Your instructions: Look through the records below for the line holding "W dwóch trzecich". Write it out exactly, with each following line through the line holding "11 Valley Forge Drive Lisbon IA 52253".

Records to process:
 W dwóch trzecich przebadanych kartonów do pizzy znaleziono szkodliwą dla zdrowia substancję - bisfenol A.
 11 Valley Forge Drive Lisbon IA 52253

...

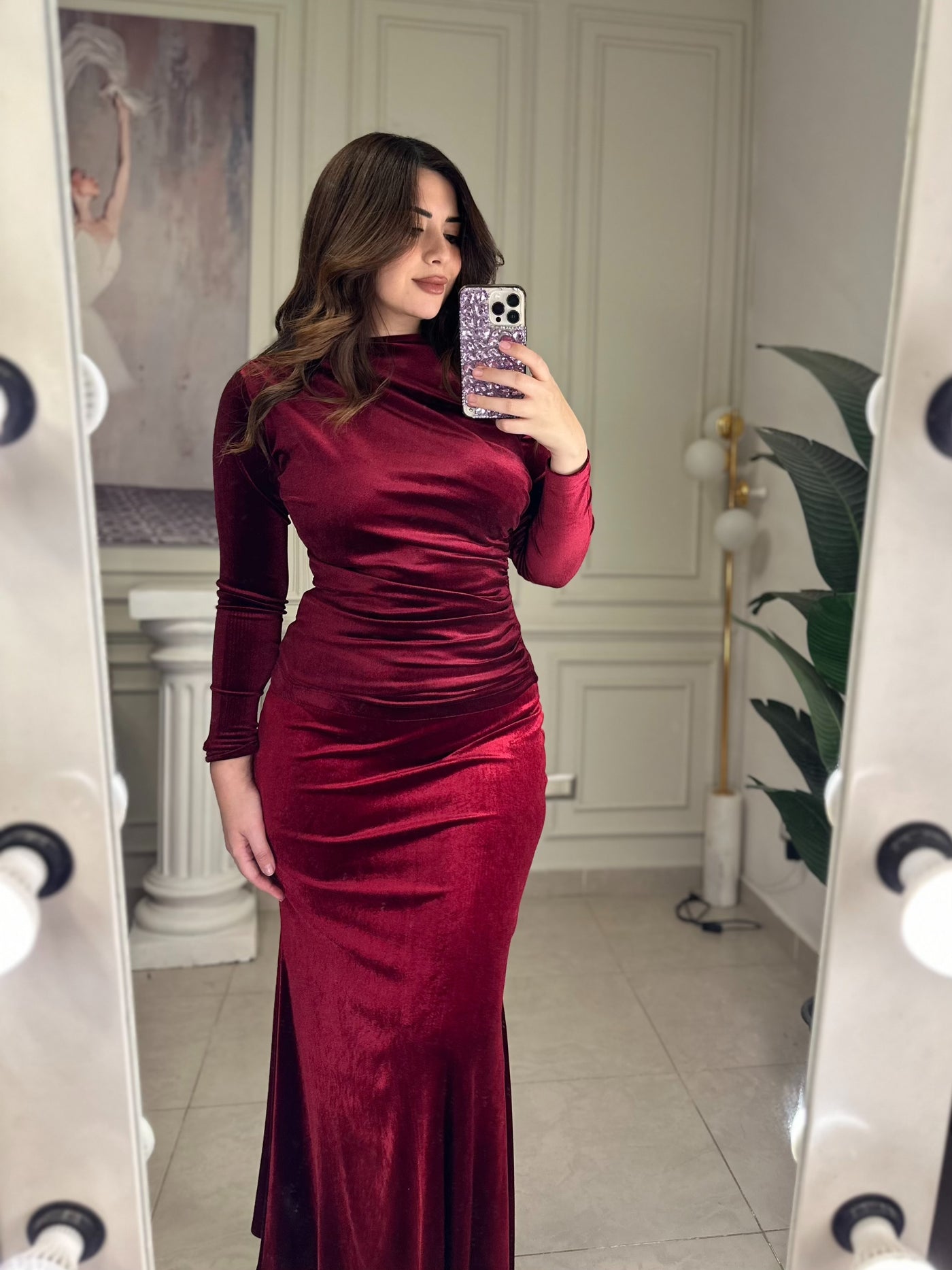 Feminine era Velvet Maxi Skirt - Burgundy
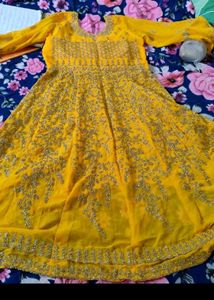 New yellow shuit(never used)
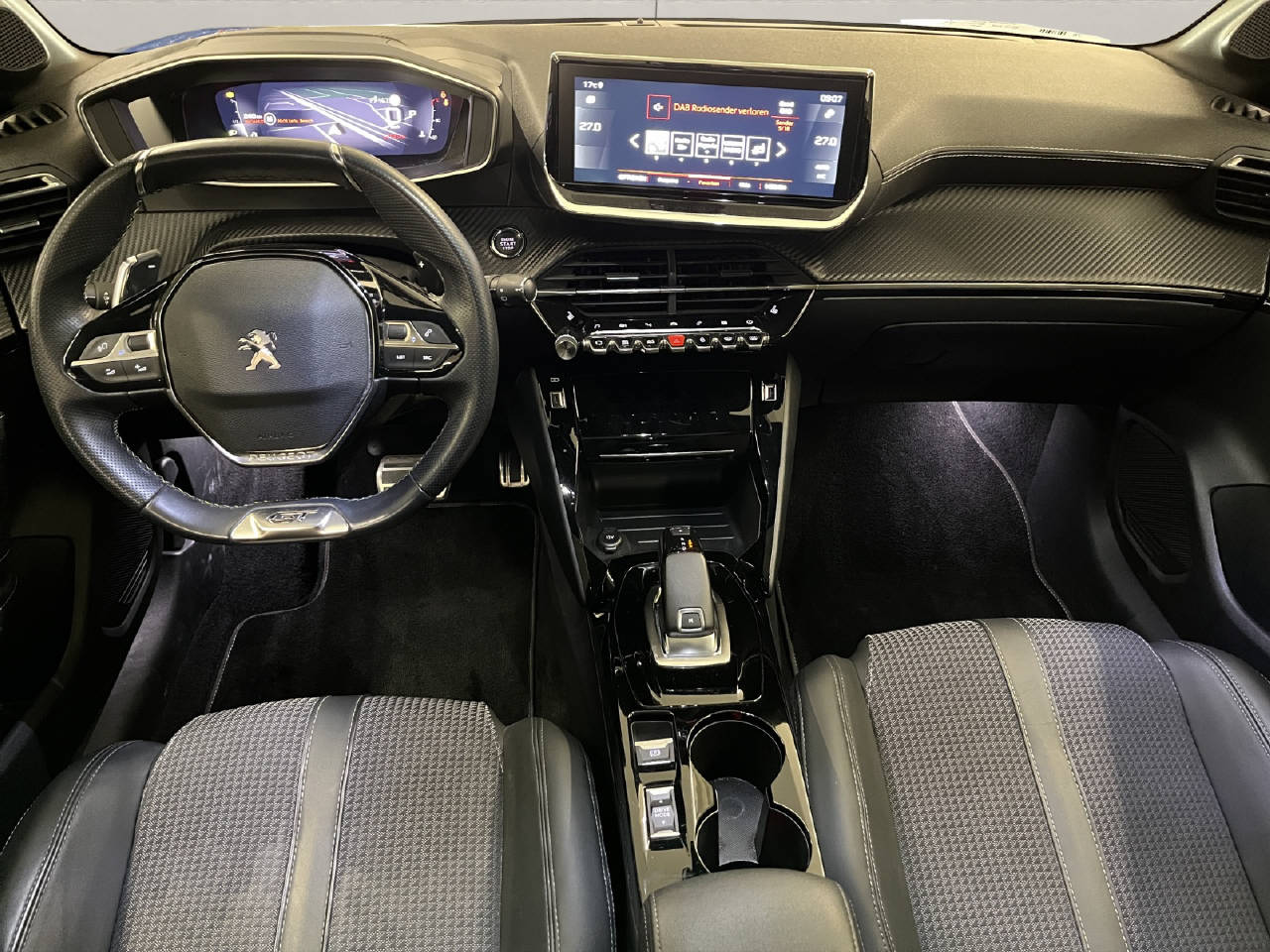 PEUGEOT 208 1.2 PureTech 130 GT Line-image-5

Result for this task:
 W dwóch trzecich przebadanych kartonów do pizzy znaleziono szkodliwą dla zdrowia substancję - bisfenol A.
 11 Valley Forge Drive Lisbon IA 52253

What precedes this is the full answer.